スタートアップ企業が商標登録するメリットや注意点、適切なタイミングを解説

公開日:

2026/05/20

更新日:

2026.06.30

スタートアップ企業を立ち上げ、やっとの思いで最初のプロダクトやサービスを市場にリリース。徐々に顧客の反応が得られ始め、PMF(プロダクト・マーケット・フィット)の兆しが見えてきた頃に経営者の頭をよぎるものの一つが「商標登録」など知財関連のトピックです。

商標がいずれ必要ということは理解できても、リソースが限られているスタートアップが、どのタイミングで、どのような目的・メリットを求めて商標という領域に投資すべきなのか、具体的なイメージが湧きづらいのは当然でしょう。

本記事では、特にPMFが見え始めたスタートアップ企業に向けて、商標登録の適切なタイミング、具体的なメリット、そして手続きを進める上での注意点を解説します。

スタートアップと商標登録の機会

スタートアップ企業の創業初期(シード期)においては、ビジネスの対象領域における課題の発見と、それを解決するプロダクト・サービスのリリース、そして「本当に顧客に求められているか(PMFが得られるか)」の検証にすべてのリソースが投下されます。

この段階では、日々の開発や顧客ヒアリング、目先のキャッシュフロー管理が最優先事項となります。反面、知的財産(IP)の確保については、研究開発重視のディープテック領域における特許はともかくとして、商標の登録は少し先のタイミング、言ってしまえば「二の次」と考えるケースも多いのが現実です。

この段階で、急いで多額の費用をかけて商標を出願・登録する必要は必ずしもありません。サービス名が定着する前にピボット(事業内容の方向転換)を行い、名称自体が変わってしまう可能性もあるからです。

最低限の調査はやっておくべき

しかし、出願を後回しにするとしても、「最低限のクリアランス調査(事前の商標検索)」だけは絶対に欠かしてはいけません。 自社がリリースしようとしているサービス名や、それに非常に近い名称が、すでに競合他社や近いジャンルの企業によって商標登録されていないかを、J-PlatPatなどのデータベースで事前にチェックしておく必要があります。

もし、他人の登録商標と知らずに同じようなサービス名を使い始め、少し売上が立ってきたタイミングで相手方から「商標権侵害による使用差し止め・損害賠償請求」の警告書が届いてしまえば、スタートアップにとって致命傷になりかねません。せっかく認知され始めたサービス名の変更(リブランディング)を余儀なくされ、ドメインの変更、アプリの改修、パンフレットの刷り直しなど、多大なコストと時間のロスが発生します。事前のチェックは、事業を守るための最低限の防波堤になります。

スタートアップが商標登録するタイミング

では、具体的にいつ商標登録に向けて動き出すべきなのでしょうか。早いぶんにはこしたことはありませんが、「サービスやプロダクトをリリースし、PMFが見えてきたタイミング」こそが、商標登録を本格的に検討・実行する最も現実的かつ最適なタイミングです。

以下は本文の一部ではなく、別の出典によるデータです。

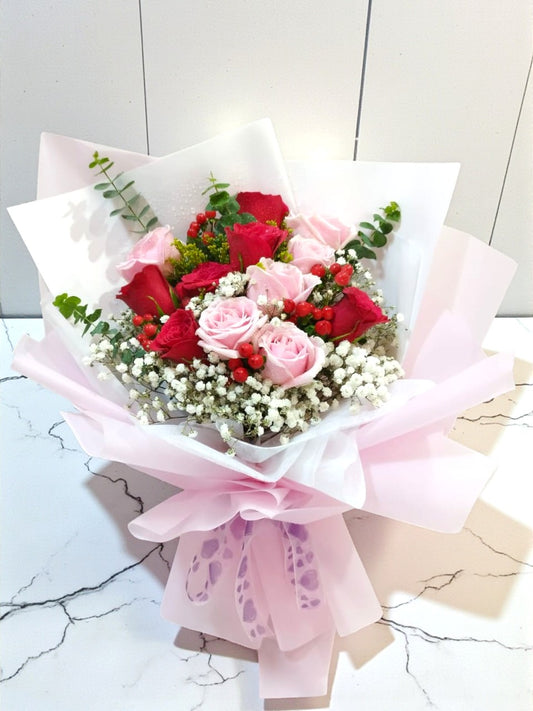 BRF-V26RB117 VALENTINE ROSE BOUQUET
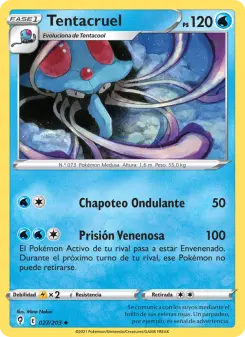 Tentacruel, Cielos Evolutivos No. 27 Normal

PMFが見え始めたということは、事業が「仮説検証のフェーズ」から「スケール(拡大)のフェーズ」へと移行することを意味します。このタイミングになると、スタートアップは次なる成長に向けてさまざまな準備が本格化します。

  • 外部からの資金調達(シリーズA以降)の準備
    ベンチャーキャピタル(VC)などの投資家から資金を調達する際、投資家は「デューデリジェンス(法務・財務などの詳細な調査)」を行います。このとき、事業の根幹となるサービス名が商標登録されておらず、他者から差し止めを受けるリスク(事業継続の阻害要因)が放置されていると、投資家からマイナス評価を受けたり、出資の条件として商標権の確保を求められたりすることがあります。強固なエクイティストーリー(企業価値向上の筋道)を描き、資金調達をスムーズに進めるためにも、商標権という独占排他権は重要なパーツです。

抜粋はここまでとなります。